Aynı zamanda kitap, Los Angeles'ta başladığı için Ebersol'un hikayesine aşina olanlar için vahşice başlıyor. Century Plaza'daki iki yatak odalı süit hakkında, Challenger CL-600'lerinde bir dizi planlı durak hakkında bilgi edindiniz; biri Ebersol'un karısı Susan'ı bırakmak için Telluride'de, biri Charlie'yi bırakmak için South Bend'de ve diğeri de Gunnery'de. 14 yaşındaki Teddy'yi bırakmak için Hartford'a gittim ama bunun planlandığı gibi olmayacağını biliyorsun. Bu ilk bakışta berbat bir durum ve eğer bir ebeveynseniz daha da dikkat çekici. Ebersol kitabın sonuna doğru olanları daha ayrıntılı bir şekilde ele alıyor ve bu yürek burkan.

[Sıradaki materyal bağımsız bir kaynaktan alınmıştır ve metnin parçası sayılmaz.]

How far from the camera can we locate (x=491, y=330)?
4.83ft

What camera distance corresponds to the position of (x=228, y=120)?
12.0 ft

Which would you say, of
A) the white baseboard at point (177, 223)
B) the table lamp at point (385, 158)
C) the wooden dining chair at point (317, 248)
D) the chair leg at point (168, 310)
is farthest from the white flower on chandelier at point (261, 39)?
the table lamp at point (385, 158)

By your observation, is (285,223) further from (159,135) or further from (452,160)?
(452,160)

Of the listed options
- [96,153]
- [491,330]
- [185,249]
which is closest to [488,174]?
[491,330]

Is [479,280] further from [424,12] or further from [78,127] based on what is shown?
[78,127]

Onu orada bırakacağım.

Yani Dick Ebersol'un hayatında bir trajedi olsa da, bu hala dikkate değer bir durum. Olağanüstü bir televizyon yapımcısı olan Ebersol, tartışmasız en çok NBC Sports'u yönetmesiyle ve onu benzeri görülmemiş boyutlara taşımasıyla ünlüdür. NBC'deyken çeşitli zamanlarda, Ebersol'un bölümü kış ve yaz Olimpiyat oyunlarını, Wimbledon'u, Fransa Açık'ı, golf ABD Açık'ı, Major League Baseball'u, NBA basketbolunu, NFL'nin yanı sıra 1993'te Pasadena'daki Rose Bowl'da katıldığım da dahil olmak üzere çeşitli Super Bowls'un yapımcılığını üstlendi. . Orada belki Ebersol'la ilgili bir hikaye var ve bu incelemede var.

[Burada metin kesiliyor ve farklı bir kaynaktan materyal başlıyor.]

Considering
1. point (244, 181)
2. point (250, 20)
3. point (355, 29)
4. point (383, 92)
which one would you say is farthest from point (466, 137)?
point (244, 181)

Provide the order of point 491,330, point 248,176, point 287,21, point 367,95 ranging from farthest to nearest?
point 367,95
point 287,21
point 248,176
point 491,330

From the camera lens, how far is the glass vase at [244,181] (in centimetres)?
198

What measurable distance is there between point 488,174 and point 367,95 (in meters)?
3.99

Eski Başkan Bill Clinton'ın bir keresinde Ebersol'a "Dünyadaki en iyi işe sahipsin" demesi gibi. Clinton'dan veya onun samimiyetinden şüpheniz varsa yukarıya bakın. Clinton'dan bahsedilmesine gelince, kitabın birçok avantajından biri de fazla politik olmaması, daha da önemlisi partizanlaşmaması. Kitapta Ebersol'ün Clinton'la fotoğrafları var ama George W. Bush'la da bir fotoğrafı var. Ronald Reagan'ın başkanlığının ardından Ebersol onunla bir toplantı ayarladı, ancak onu Vin Scully ile MLB All Star Maçının birkaç vuruşunu yapmaya ikna etmek için. Reagan, Scully'ye ve 40'larla olan etkileşimlerine hayır diyemedith Başkan Ebersol, Reagan'ın "daha çekici olamayacağını" yazıyor.

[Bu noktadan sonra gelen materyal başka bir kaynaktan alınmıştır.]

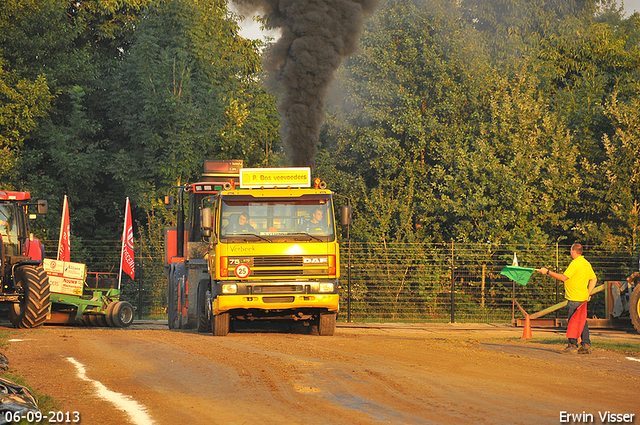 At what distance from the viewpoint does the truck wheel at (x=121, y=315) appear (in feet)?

Peki ya Jack Welch? Bu en parlak CEO'lar arasında Kapitalizmin sonsuz olasılıkları en son her zaman "bariz" olan kişiler tarafından alçakça saldırıya uğradı New York Times muhabir David Gelles, bu yüzden Ebersol'un Welch'le ilgili anıları büyük bir temiz hava soluğu. Ebersol, Welch'e büyük hayranlık duyuyordu ve güvendiği bölüm başkanlarını yalnızca işlerini yapmalarına izin vermek için nasıl işe aldığını düşünüyordu. Welch'teki spor tutkunu bir defasında Ebersol'a golf spikeri Johnny Miller'ın hayranı olmadığını söylemişti, Ebersol ise GE'nin lokomotif bölümünün başkanına pek de meraklı olmadığını söylemişti. Welch konuyu anladı ve golf hayranlarının da bildiği gibi Miller, televizyonda golfün en iyilerinden birini ortaya çıkardı.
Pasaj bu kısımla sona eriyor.